**DIRECTIONS**
Output all of the records exactly, word for word.

**LISTED RECORDS**
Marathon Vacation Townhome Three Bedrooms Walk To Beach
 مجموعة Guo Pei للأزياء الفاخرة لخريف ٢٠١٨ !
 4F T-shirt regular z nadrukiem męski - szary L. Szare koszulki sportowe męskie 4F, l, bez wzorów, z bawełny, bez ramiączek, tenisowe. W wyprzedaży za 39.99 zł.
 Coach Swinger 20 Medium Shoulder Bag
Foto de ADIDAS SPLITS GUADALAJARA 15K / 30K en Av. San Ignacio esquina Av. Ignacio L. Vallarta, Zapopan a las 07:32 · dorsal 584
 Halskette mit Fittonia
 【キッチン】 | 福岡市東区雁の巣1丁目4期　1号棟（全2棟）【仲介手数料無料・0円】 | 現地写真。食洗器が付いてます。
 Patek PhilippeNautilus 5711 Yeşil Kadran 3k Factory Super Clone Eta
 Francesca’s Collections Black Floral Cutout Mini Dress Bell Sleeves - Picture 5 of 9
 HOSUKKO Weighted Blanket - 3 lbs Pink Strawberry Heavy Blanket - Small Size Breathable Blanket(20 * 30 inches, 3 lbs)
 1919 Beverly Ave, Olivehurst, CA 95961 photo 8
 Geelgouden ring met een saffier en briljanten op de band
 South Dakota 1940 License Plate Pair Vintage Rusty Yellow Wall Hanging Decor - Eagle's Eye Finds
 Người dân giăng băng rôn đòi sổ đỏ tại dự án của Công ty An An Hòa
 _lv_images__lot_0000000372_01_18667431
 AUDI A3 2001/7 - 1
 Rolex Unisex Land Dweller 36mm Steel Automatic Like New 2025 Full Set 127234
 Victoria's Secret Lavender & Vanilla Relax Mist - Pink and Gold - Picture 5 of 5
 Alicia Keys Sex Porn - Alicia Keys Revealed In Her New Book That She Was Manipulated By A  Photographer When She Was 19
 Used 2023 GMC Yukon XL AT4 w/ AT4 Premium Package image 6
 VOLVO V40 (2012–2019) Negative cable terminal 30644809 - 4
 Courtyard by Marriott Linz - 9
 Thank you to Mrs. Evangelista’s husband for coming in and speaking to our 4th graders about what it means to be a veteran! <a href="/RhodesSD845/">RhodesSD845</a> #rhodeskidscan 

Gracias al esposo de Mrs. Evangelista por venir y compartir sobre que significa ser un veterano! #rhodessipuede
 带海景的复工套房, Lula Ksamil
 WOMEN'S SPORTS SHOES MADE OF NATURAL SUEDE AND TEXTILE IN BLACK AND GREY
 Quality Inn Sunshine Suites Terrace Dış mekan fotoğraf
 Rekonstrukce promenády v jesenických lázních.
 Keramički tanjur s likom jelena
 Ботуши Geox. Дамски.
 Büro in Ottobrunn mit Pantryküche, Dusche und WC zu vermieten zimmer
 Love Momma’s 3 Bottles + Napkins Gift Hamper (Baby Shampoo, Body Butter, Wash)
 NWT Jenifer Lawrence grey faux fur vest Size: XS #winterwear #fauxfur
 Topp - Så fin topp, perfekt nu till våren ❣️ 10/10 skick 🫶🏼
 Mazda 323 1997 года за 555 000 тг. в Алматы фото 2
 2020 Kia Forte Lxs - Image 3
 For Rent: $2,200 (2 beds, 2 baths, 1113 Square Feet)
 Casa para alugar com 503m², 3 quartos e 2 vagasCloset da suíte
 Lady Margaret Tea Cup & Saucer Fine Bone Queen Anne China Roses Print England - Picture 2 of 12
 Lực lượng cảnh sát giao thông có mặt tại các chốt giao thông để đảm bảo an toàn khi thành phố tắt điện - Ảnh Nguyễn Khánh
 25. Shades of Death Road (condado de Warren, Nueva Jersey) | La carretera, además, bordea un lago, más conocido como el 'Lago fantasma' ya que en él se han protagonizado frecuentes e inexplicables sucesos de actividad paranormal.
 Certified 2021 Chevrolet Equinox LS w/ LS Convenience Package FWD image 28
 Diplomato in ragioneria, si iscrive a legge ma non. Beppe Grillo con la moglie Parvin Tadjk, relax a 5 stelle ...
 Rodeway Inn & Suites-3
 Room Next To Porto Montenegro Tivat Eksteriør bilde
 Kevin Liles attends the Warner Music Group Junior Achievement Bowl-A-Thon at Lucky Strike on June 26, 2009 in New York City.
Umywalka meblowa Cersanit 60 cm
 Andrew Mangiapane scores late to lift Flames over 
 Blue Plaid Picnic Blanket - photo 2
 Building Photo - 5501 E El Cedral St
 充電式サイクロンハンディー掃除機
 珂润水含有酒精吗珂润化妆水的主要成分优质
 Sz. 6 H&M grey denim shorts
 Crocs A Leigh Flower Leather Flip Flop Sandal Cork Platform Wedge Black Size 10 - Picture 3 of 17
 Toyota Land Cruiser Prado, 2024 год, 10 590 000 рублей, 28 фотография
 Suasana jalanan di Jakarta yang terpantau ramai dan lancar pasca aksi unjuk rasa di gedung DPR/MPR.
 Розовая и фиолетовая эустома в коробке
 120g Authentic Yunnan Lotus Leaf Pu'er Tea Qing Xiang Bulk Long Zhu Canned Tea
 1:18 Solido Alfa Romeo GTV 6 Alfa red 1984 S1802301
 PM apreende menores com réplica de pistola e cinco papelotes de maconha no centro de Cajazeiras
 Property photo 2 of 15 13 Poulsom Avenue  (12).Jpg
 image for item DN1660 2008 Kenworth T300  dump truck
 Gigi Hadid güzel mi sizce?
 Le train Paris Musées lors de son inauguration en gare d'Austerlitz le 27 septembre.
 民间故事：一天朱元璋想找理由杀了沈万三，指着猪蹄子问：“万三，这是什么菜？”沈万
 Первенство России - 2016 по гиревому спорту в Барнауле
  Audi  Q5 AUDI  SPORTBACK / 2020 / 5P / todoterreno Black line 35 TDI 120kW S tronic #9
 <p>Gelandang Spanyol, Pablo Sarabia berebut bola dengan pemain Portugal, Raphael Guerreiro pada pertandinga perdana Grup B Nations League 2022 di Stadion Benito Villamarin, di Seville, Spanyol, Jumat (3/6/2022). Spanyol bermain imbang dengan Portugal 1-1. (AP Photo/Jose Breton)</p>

**WRITTEN SOLUTION**
Marathon Vacation Townhome Three Bedrooms Walk To Beach
 مجموعة Guo Pei للأزياء الفاخرة لخريف ٢٠١٨ !
 4F T-shirt regular z nadrukiem męski - szary L. Szare koszulki sportowe męskie 4F, l, bez wzorów, z bawełny, bez ramiączek, tenisowe. W wyprzedaży za 39.99 zł.
 Coach Swinger 20 Medium Shoulder Bag
Foto de ADIDAS SPLITS GUADALAJARA 15K / 30K en Av. San Ignacio esquina Av. Ignacio L. Vallarta, Zapopan a las 07:32 · dorsal 584
 Halskette mit Fittonia
 【キッチン】 | 福岡市東区雁の巣1丁目4期　1号棟（全2棟）【仲介手数料無料・0円】 | 現地写真。食洗器が付いてます。
 Patek PhilippeNautilus 5711 Yeşil Kadran 3k Factory Super Clone Eta
 Francesca’s Collections Black Floral Cutout Mini Dress Bell Sleeves - Picture 5 of 9
 HOSUKKO Weighted Blanket - 3 lbs Pink Strawberry Heavy Blanket - Small Size Breathable Blanket(20 * 30 inches, 3 lbs)
 1919 Beverly Ave, Olivehurst, CA 95961 photo 8
 Geelgouden ring met een saffier en briljanten op de band
 South Dakota 1940 License Plate Pair Vintage Rusty Yellow Wall Hanging Decor - Eagle's Eye Finds
 Người dân giăng băng rôn đòi sổ đỏ tại dự án của Công ty An An Hòa
 _lv_images__lot_0000000372_01_18667431
 AUDI A3 2001/7 - 1
 Rolex Unisex Land Dweller 36mm Steel Automatic Like New 2025 Full Set 127234
 Victoria's Secret Lavender & Vanilla Relax Mist - Pink and Gold - Picture 5 of 5
 Alicia Keys Sex Porn - Alicia Keys Revealed In Her New Book That She Was Manipulated By A  Photographer When She Was 19
 Used 2023 GMC Yukon XL AT4 w/ AT4 Premium Package image 6
 VOLVO V40 (2012–2019) Negative cable terminal 30644809 - 4
 Courtyard by Marriott Linz - 9
 Thank you to Mrs. Evangelista’s husband for coming in and speaking to our 4th graders about what it means to be a veteran! <a href="/RhodesSD845/">RhodesSD845</a> #rhodeskidscan 

Gracias al esposo de Mrs. Evangelista por venir y compartir sobre que significa ser un veterano! #rhodessipuede
 带海景的复工套房, Lula Ksamil
 WOMEN'S SPORTS SHOES MADE OF NATURAL SUEDE AND TEXTILE IN BLACK AND GREY
 Quality Inn Sunshine Suites Terrace Dış mekan fotoğraf
 Rekonstrukce promenády v jesenických lázních.
 Keramički tanjur s likom jelena
 Ботуши Geox. Дамски.
 Büro in Ottobrunn mit Pantryküche, Dusche und WC zu vermieten zimmer
 Love Momma’s 3 Bottles + Napkins Gift Hamper (Baby Shampoo, Body Butter, Wash)
 NWT Jenifer Lawrence grey faux fur vest Size: XS #winterwear #fauxfur
 Topp - Så fin topp, perfekt nu till våren ❣️ 10/10 skick 🫶🏼
 Mazda 323 1997 года за 555 000 тг. в Алматы фото 2
 2020 Kia Forte Lxs - Image 3
 For Rent: $2,200 (2 beds, 2 baths, 1113 Square Feet)
 Casa para alugar com 503m², 3 quartos e 2 vagasCloset da suíte
 Lady Margaret Tea Cup & Saucer Fine Bone Queen Anne China Roses Print England - Picture 2 of 12
 Lực lượng cảnh sát giao thông có mặt tại các chốt giao thông để đảm bảo an toàn khi thành phố tắt điện - Ảnh Nguyễn Khánh
 25. Shades of Death Road (condado de Warren, Nueva Jersey) | La carretera, además, bordea un lago, más conocido como el 'Lago fantasma' ya que en él se han protagonizado frecuentes e inexplicables sucesos de actividad paranormal.
 Certified 2021 Chevrolet Equinox LS w/ LS Convenience Package FWD image 28
 Diplomato in ragioneria, si iscrive a legge ma non. Beppe Grillo con la moglie Parvin Tadjk, relax a 5 stelle ...
 Rodeway Inn & Suites-3
 Room Next To Porto Montenegro Tivat Eksteriør bilde
 Kevin Liles attends the Warner Music Group Junior Achievement Bowl-A-Thon at Lucky Strike on June 26, 2009 in New York City.
Umywalka meblowa Cersanit 60 cm
 Andrew Mangiapane scores late to lift Flames over 
 Blue Plaid Picnic Blanket - photo 2
 Building Photo - 5501 E El Cedral St
 充電式サイクロンハンディー掃除機
 珂润水含有酒精吗珂润化妆水的主要成分优质
 Sz. 6 H&M grey denim shorts
 Crocs A Leigh Flower Leather Flip Flop Sandal Cork Platform Wedge Black Size 10 - Picture 3 of 17
 Toyota Land Cruiser Prado, 2024 год, 10 590 000 рублей, 28 фотография
 Suasana jalanan di Jakarta yang terpantau ramai dan lancar pasca aksi unjuk rasa di gedung DPR/MPR.
 Розовая и фиолетовая эустома в коробке
 120g Authentic Yunnan Lotus Leaf Pu'er Tea Qing Xiang Bulk Long Zhu Canned Tea
 1:18 Solido Alfa Romeo GTV 6 Alfa red 1984 S1802301
 PM apreende menores com réplica de pistola e cinco papelotes de maconha no centro de Cajazeiras
 Property photo 2 of 15 13 Poulsom Avenue  (12).Jpg
 image for item DN1660 2008 Kenworth T300  dump truck
 Gigi Hadid güzel mi sizce?
 Le train Paris Musées lors de son inauguration en gare d'Austerlitz le 27 septembre.
 民间故事：一天朱元璋想找理由杀了沈万三，指着猪蹄子问：“万三，这是什么菜？”沈万
 Первенство России - 2016 по гиревому спорту в Барнауле
  Audi  Q5 AUDI  SPORTBACK / 2020 / 5P / todoterreno Black line 35 TDI 120kW S tronic #9
 <p>Gelandang Spanyol, Pablo Sarabia berebut bola dengan pemain Portugal, Raphael Guerreiro pada pertandinga perdana Grup B Nations League 2022 di Stadion Benito Villamarin, di Seville, Spanyol, Jumat (3/6/2022). Spanyol bermain imbang dengan Portugal 1-1. (AP Photo/Jose Breton)</p>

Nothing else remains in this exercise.